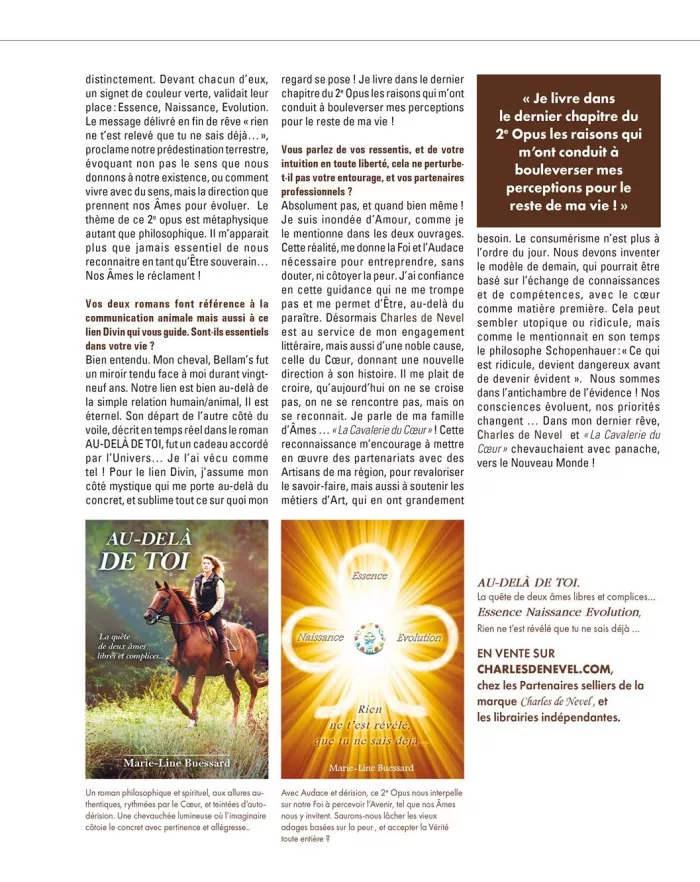 Article Grand Prix Magasine N° Dec 2020, pour la sortie du 2e Opus de Marie-Line Buessard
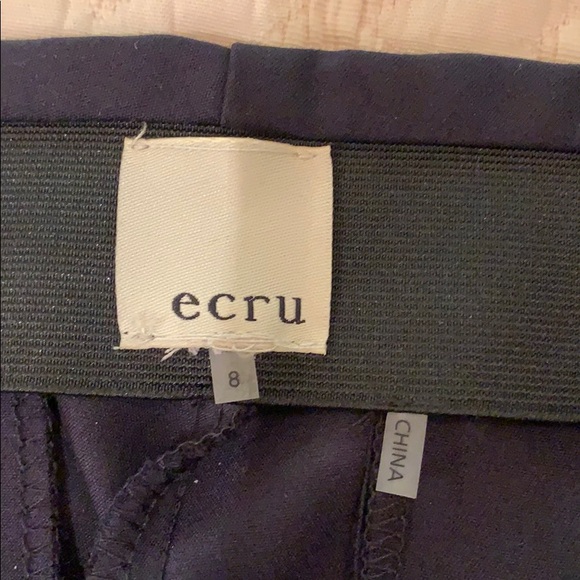 Ecru slim leg pull on pant black size8 - Picture 3 of 7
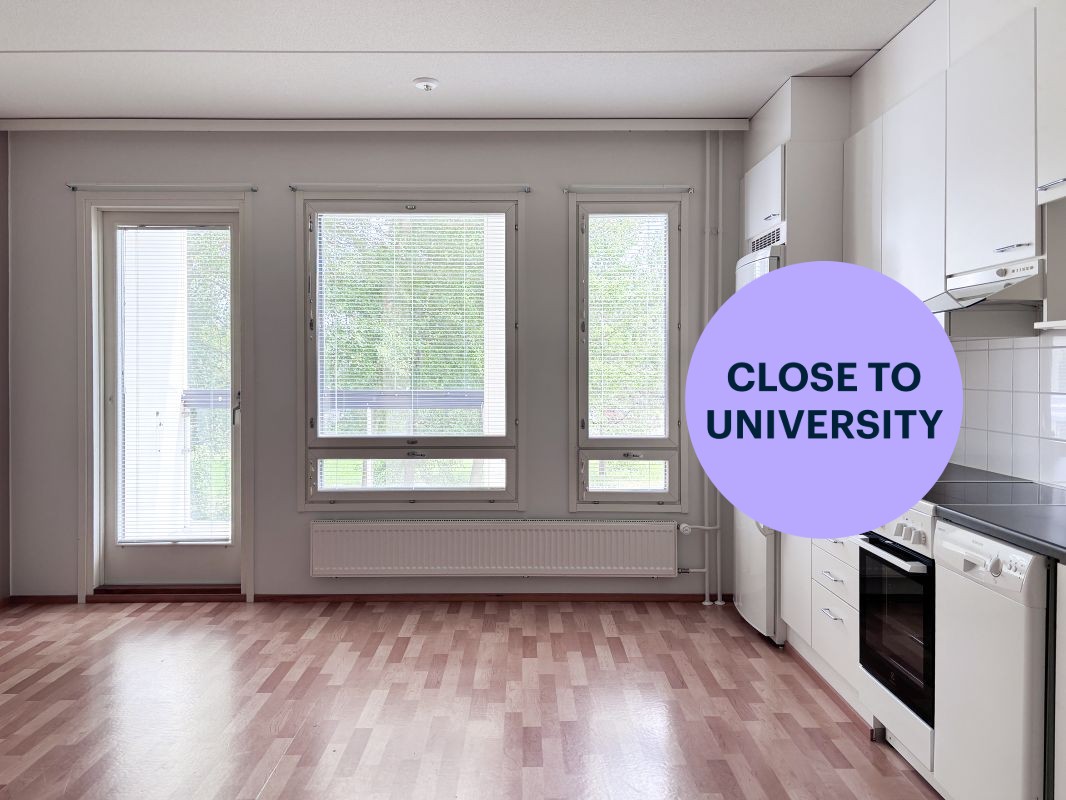 1-bedroom apartment, Oulu, Värttö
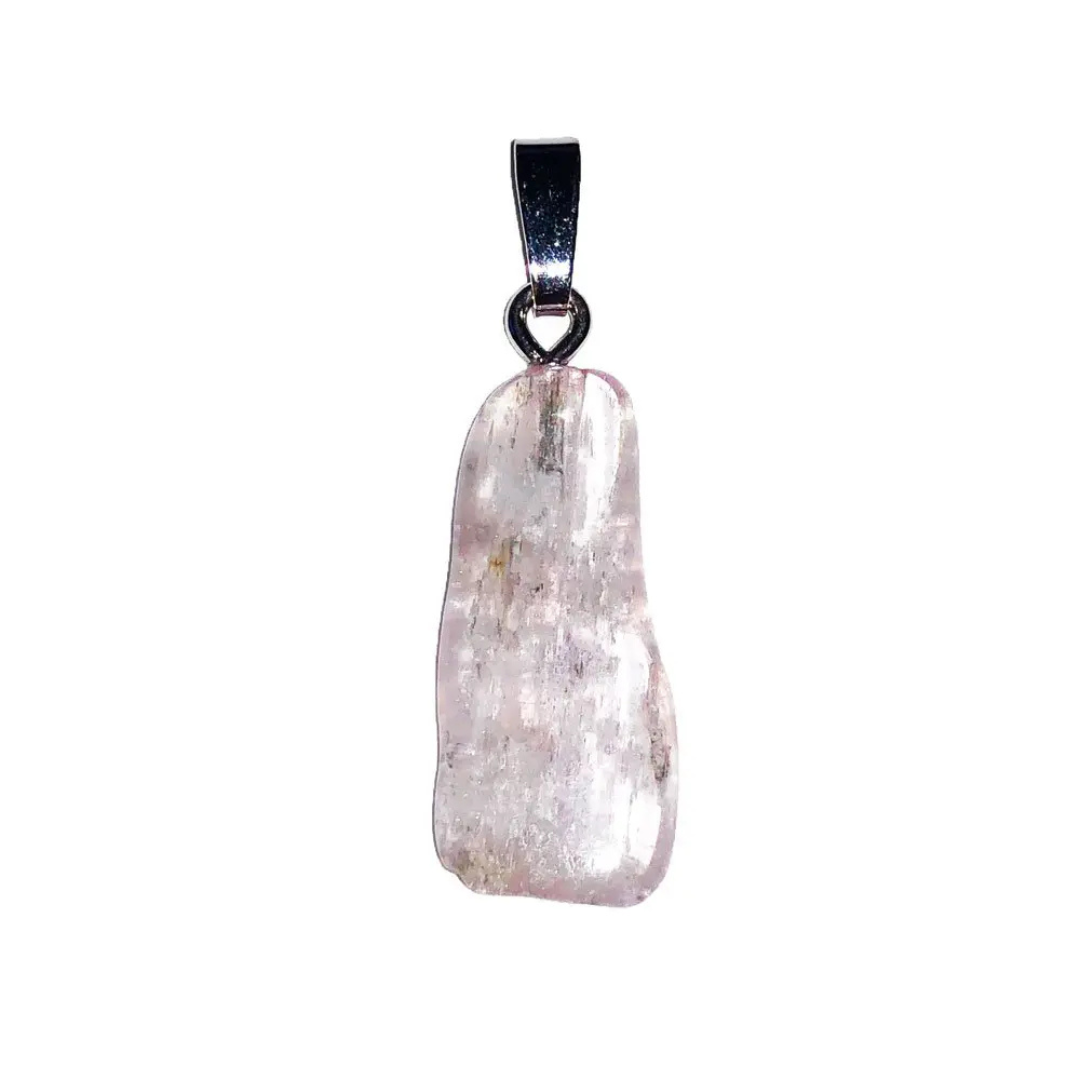 Kunzite Pendant - Tumbled Stone
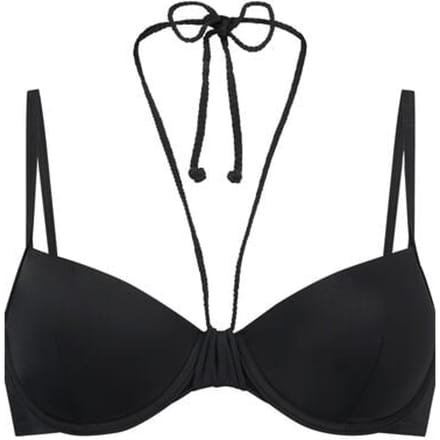Hunkemöller Voorgevormde beugel bikinitop Luxe Zwart
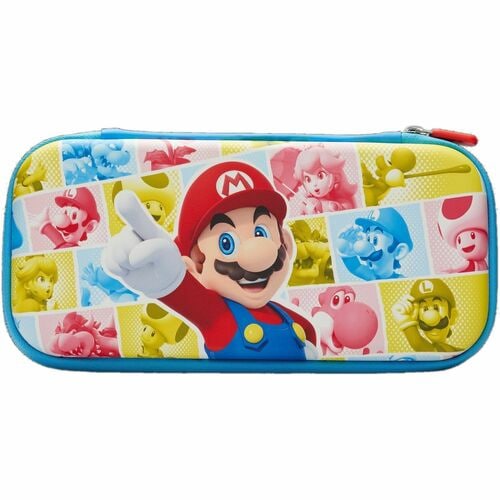 PowerA Carrying Case Nintendo Gaming Console - Drop Resistant, Scratch Resistant - Mushroom Kingdom Reel - 30 mm Height x 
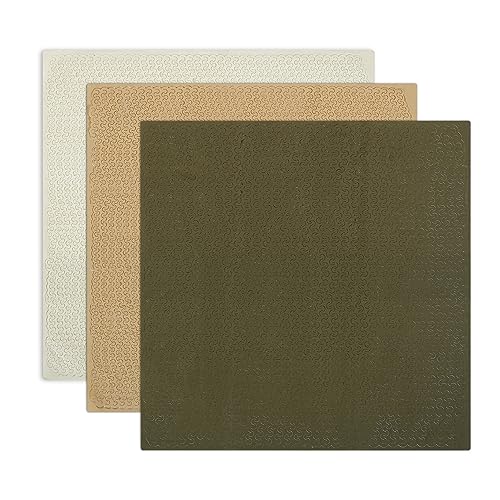 DIRACCOS 3pcs Camouflage Net Dense for Tank AFV Military Model Kit 01 x 230 x 230 mm Type A RC Tank Upgrade Parts Accessories Model Camouflage Netting 9x9 Mixed 3 Colors 135 Scale - Image 1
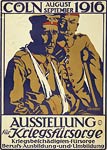 Wounded German Veterans - World War I Poster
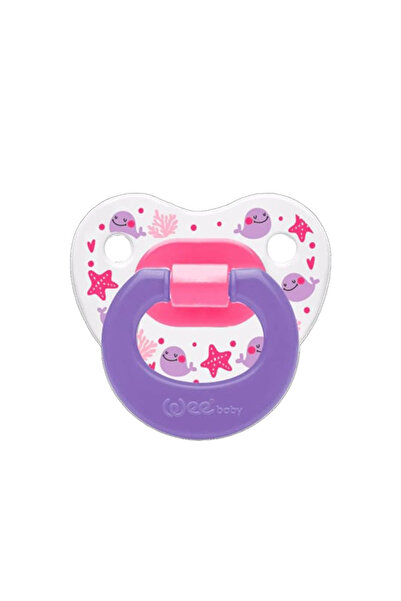 Wee Baby Desenli Damaklı Emzik 0-6 Ay Kod 833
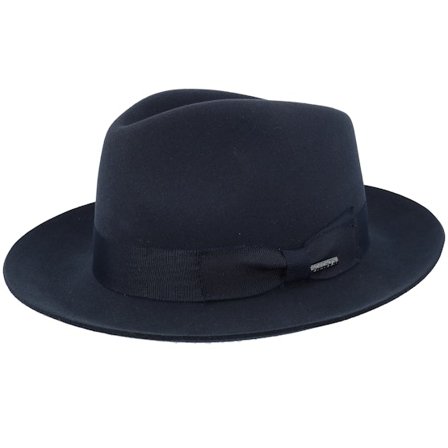 Stetson - Blue - fedora - Hat - Woolfelt/Cashmere Midnight Blue Fedora - Hatstore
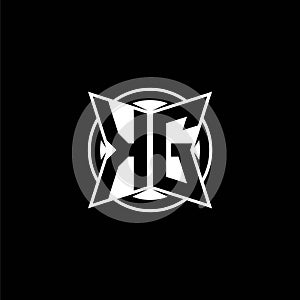 KG Logo Monogram Design Template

--*--

__YOUR GOAL__
Could you repeat, exactly, only the lines above starting at the one that has "Hunkemöller Voorgevormde beugel" and stopping after the one that has "Wee Baby Desenli", without the pictures?

__EXPECTED ANSWER__
Hunkemöller Voorgevormde beugel bikinitop Luxe Zwart
 PowerA Carrying Case Nintendo Gaming Console - Drop Resistant, Scratch Resistant - Mushroom Kingdom Reel - 30 mm Height x 
 DIRACCOS 3pcs Camouflage Net Dense for Tank AFV Military Model Kit 01 x 230 x 230 mm Type A RC Tank Upgrade Parts Accessories Model Camouflage Netting 9x9 Mixed 3 Colors 135 Scale - Image 1
 Wounded German Veterans - World War I Poster
 Wee Baby Desenli Damaklı Emzik 0-6 Ay Kod 833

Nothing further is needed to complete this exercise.